Object Id Day Position Previous Has changed?
1 2019-10-01 a true
1 2019-10-02 a a false
1 2019-10-03 a a false
1 2019-10-04 b a true
1 2019-10-05 a b true
2 2019-10-01 c true
2 2019-10-02 c c false
2 2019-10-03 c c false
2 2019-10-04 d c true
2 2019-10-05 d d false

Based on the view object_position_with_change_detection, we can now compute the next date with position change via the following SQL expression.

1
2
3
4
5
min(day)
	filter (where has_changed)
	over
		(partition by object_id order by day
		rows between current row and unbounded following exclude current row)

It is a complicated window function expression and we analyse it bit by bit. First, on the line 4, we state that we compute for each object separately and that we consider the rows ordered by day. Secondly, on line 5, we state that, for each row, the frame (i.e. rows that are considered for the computation) are only the rows that comes after it. Thirdly, via the filter clause of line 2, we filter the frame to include only rows that have a position change. Of the rows that are left, we need the smallest date; we select it by using the min function. For instance, for the 3 first rows of the previous table, the set of rows in the frame consists of the 4th and 5th rows and the smallest date is the 2019-10-04. Similarly, for the 4th row, the set of rows in the frame consists only of the 5th row and the smallest date is the 2019-10-05. Note that the SQL expression yields NULL if there are no rows in the frame. We need to use the function coalesce to complete the expression.
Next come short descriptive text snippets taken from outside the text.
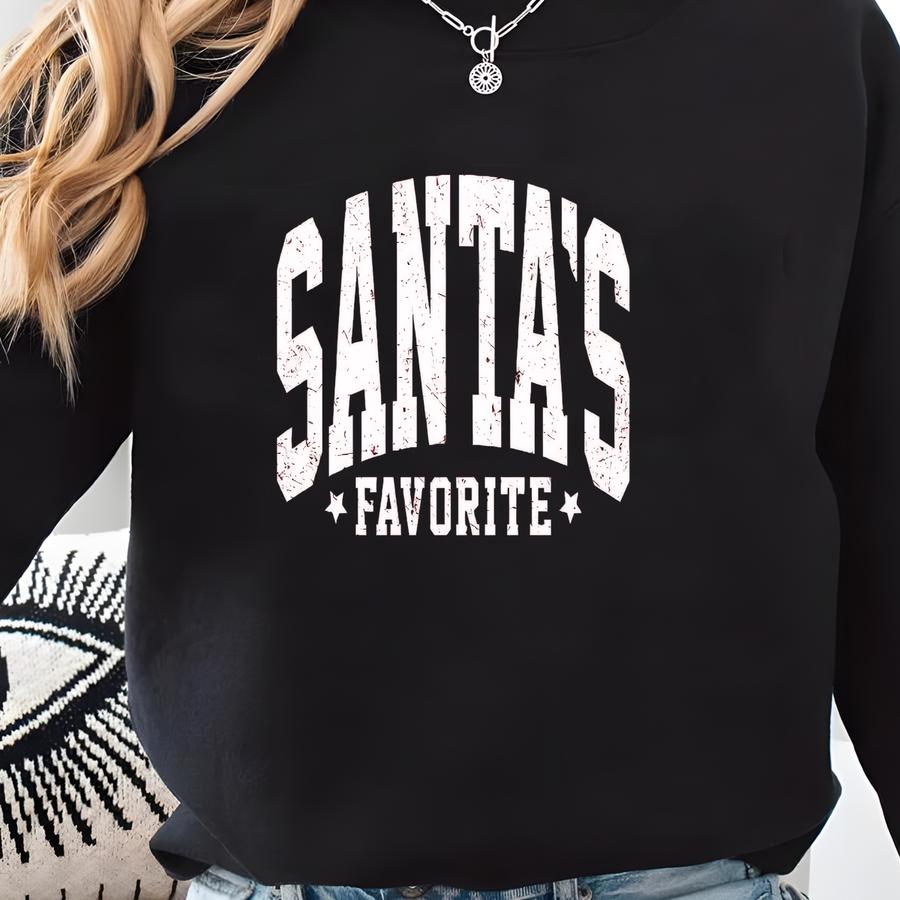 Santas Favorite Christmas Shirt, Christmas T-shirt, Womens Christmas Shirt, Christmas Gift, Funny Christmas Shirt, Xmas Gift Sweatshirt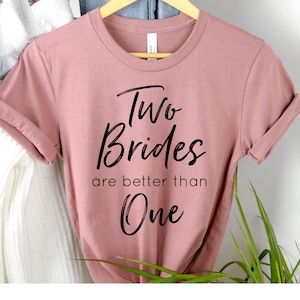 Two Brides Are Better Than One Lesbian Wedding Gift, Lesbian Engagement,  Lesbian Shirt, Engayged Bachelorette Party, lgbtq shirt, pride Tee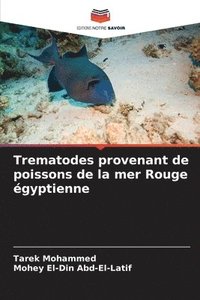 bokomslag Trematodes provenant de poissons de la mer Rouge égyptienne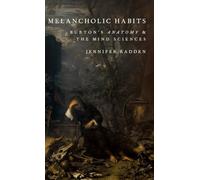 Melancholic Habits: Burton's Anatomy & the Mind Sciences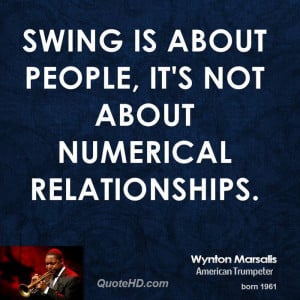Swing is about people, it's not about numerical relationships.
The view object_position_with_change_date use the previous expression to compute the next date with position change.

 1
 2
 3
 4
 5
 6
 7
 8
 9
10
11
12
13
create view object_position_with_change_date as
select object_id as object_id,
       day       as day,
       position  as position,
       coalesce(
           min(day)
               filter (where has_changed)
               over
               (partition by object_id order by day
               rows between current row and unbounded following exclude current row),
           '9999-12-31'
       )     	 as change_date
from object_position_with_change_detection;

Finally, we can write the query for the migration of the data. It is simply the aggregation over the object ids and change dates. We can check that all periods have been correctly computed with the equality min(position) = max(position).

1
2
3
4
5
6
7
8
select object_id                     as object_id,
       min(day)                      as valid_from,
       max(day)                      as valid_to,
       min(position)                 as position,
       min(position) = max(position) as is_valid
from object_position_with_change_date
group by object_id, change_date
order by object_id, valid_from;

Using this query, our customer was able to migrate the 8.5 millions of rows of the table with the original representation in approximately 15 minutes. The table with the new representation contains around 400'000 rows which is 20 times smaller.


¹The examples in this article work with PostgreSQL 11 and later.